● Problem
Below are records with pictures. Reproduce exactly the lines from the line with "Controls and displays" to the line with "There are some", inclusive, and leave each picture out.

● Data provided
━━━━━━━━━━━━━━━━━━━━━━━━━━━━━━
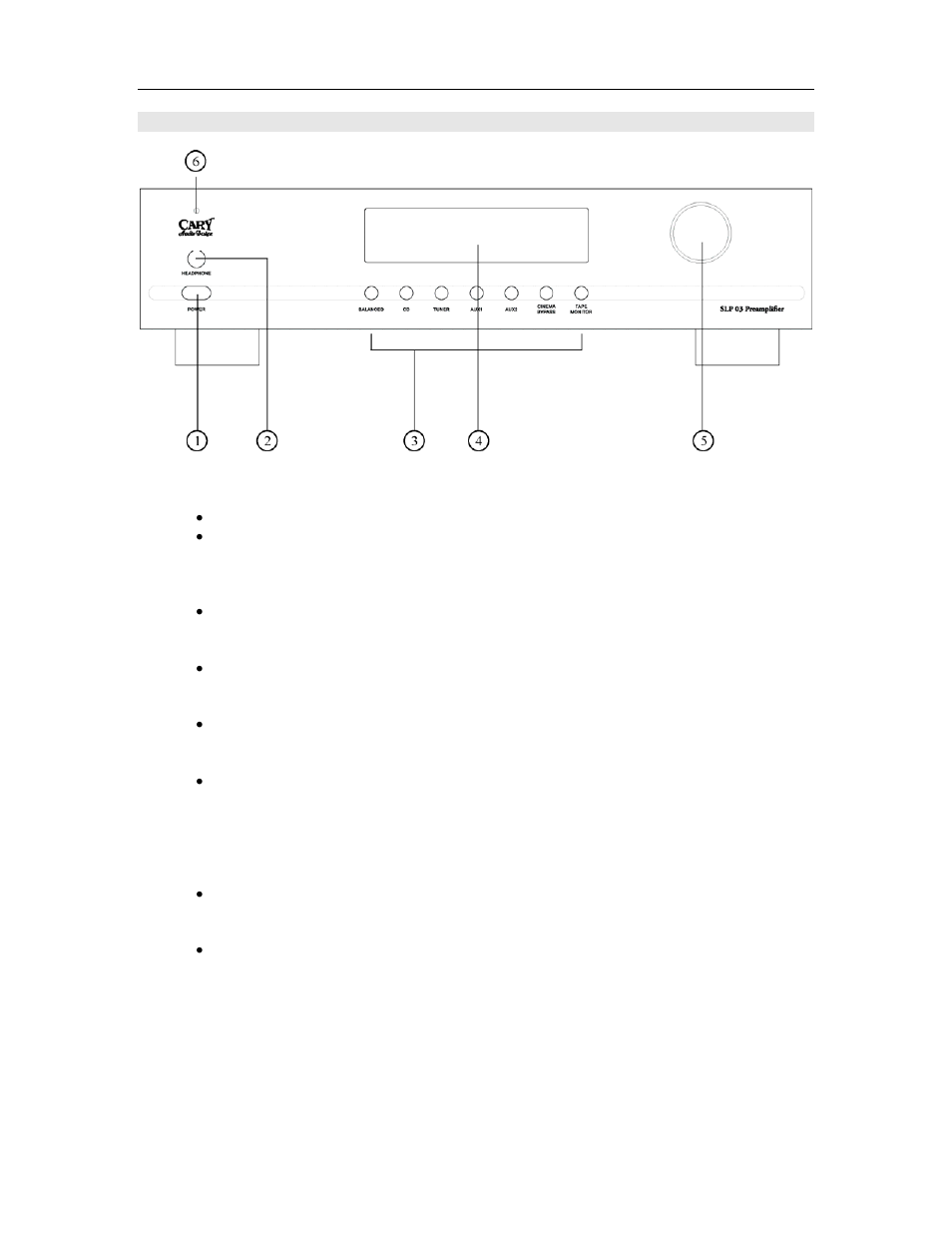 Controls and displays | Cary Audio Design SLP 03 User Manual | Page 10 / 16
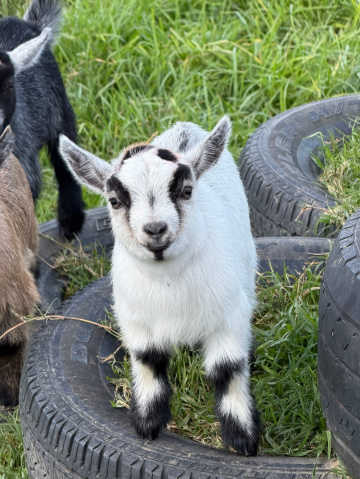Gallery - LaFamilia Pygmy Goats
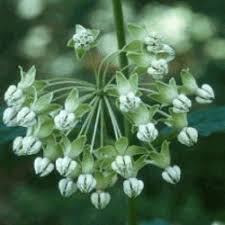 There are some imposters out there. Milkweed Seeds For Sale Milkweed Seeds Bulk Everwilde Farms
━━━━━━━━━━━━━━━━━━━━━━━━━━━━━━
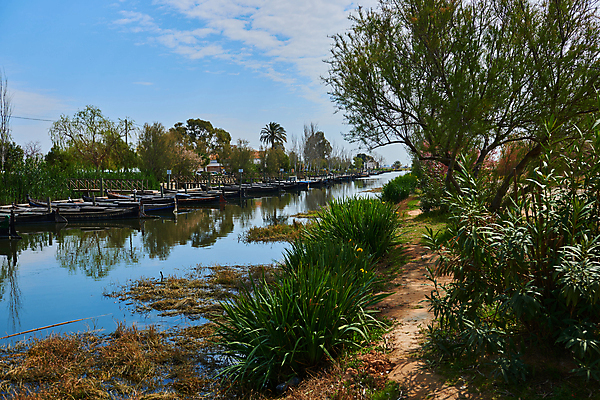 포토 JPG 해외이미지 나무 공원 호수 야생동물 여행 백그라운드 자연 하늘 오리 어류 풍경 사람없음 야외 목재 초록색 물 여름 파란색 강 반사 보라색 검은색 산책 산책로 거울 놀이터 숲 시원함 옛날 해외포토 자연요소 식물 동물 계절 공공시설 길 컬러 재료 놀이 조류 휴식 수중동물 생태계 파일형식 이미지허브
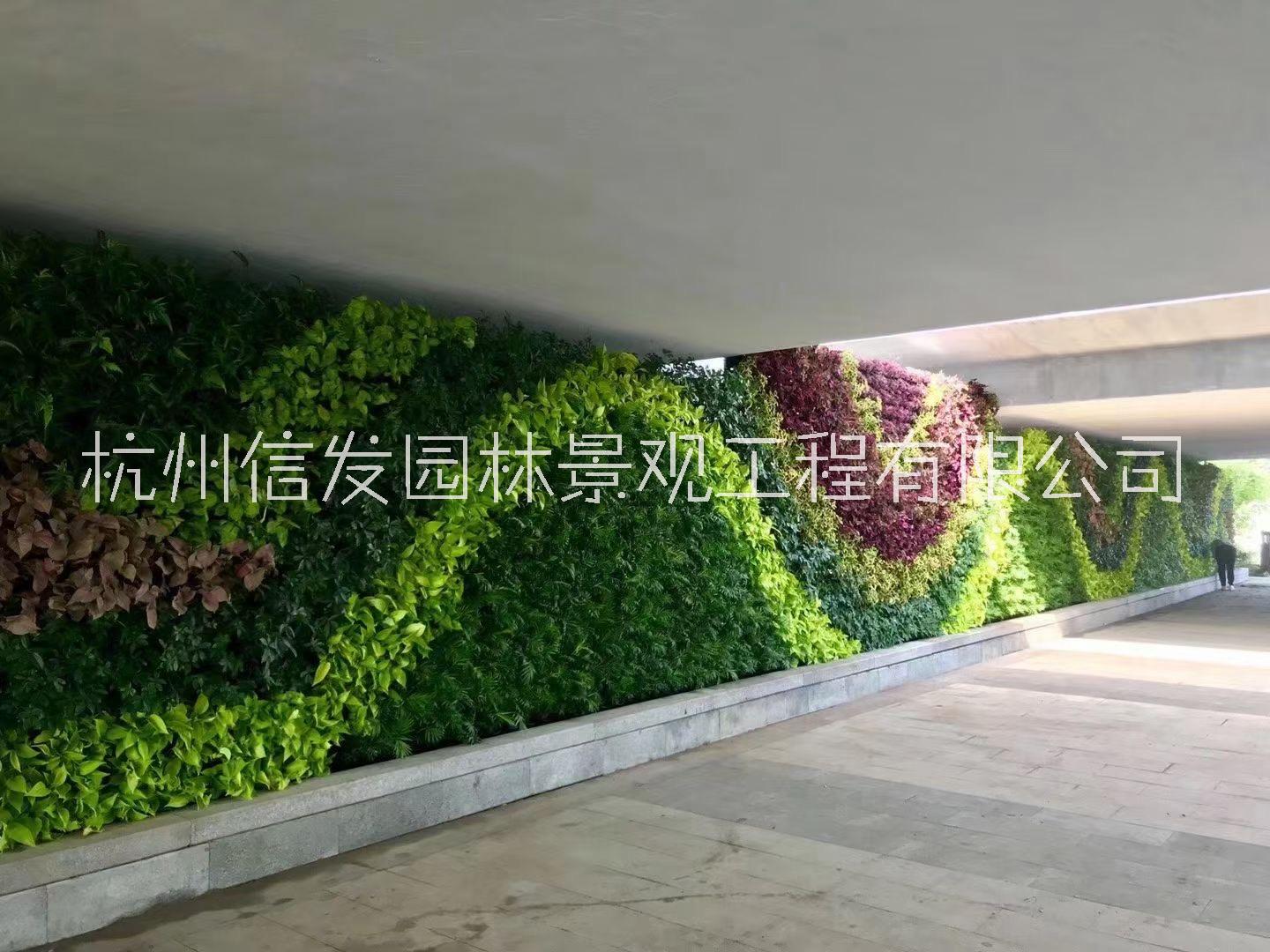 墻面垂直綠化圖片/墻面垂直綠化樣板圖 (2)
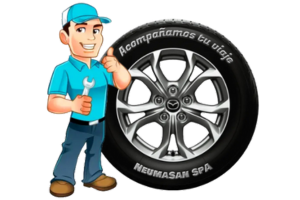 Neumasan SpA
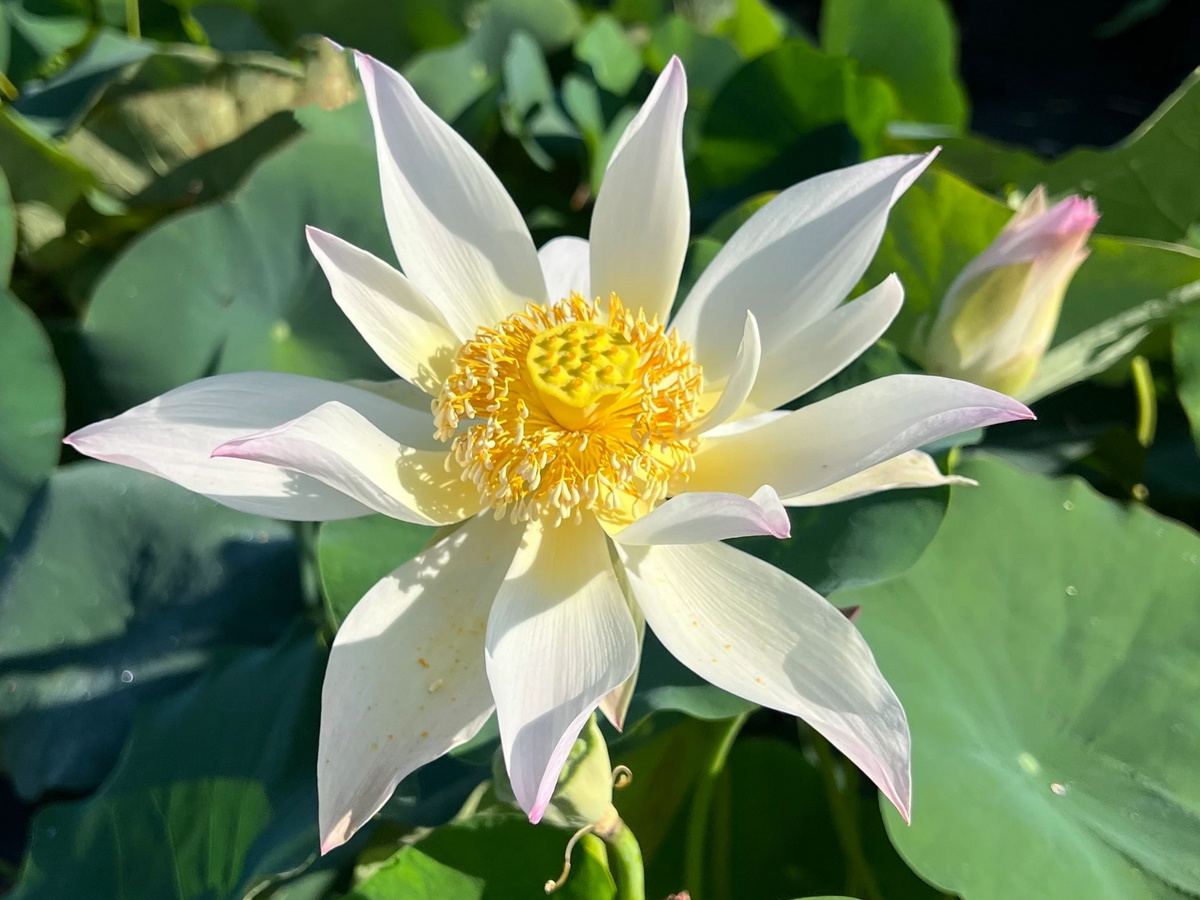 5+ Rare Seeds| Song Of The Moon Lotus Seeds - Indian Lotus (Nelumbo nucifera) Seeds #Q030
━━━━━━━━━━━━━━━━━━━━━━━━━━━━━━
● Output below
 Controls and displays | Cary Audio Design SLP 03 User Manual | Page 10 / 16
Gallery - LaFamilia Pygmy Goats
 There are some imposters out there. Milkweed Seeds For Sale Milkweed Seeds Bulk Everwilde Farms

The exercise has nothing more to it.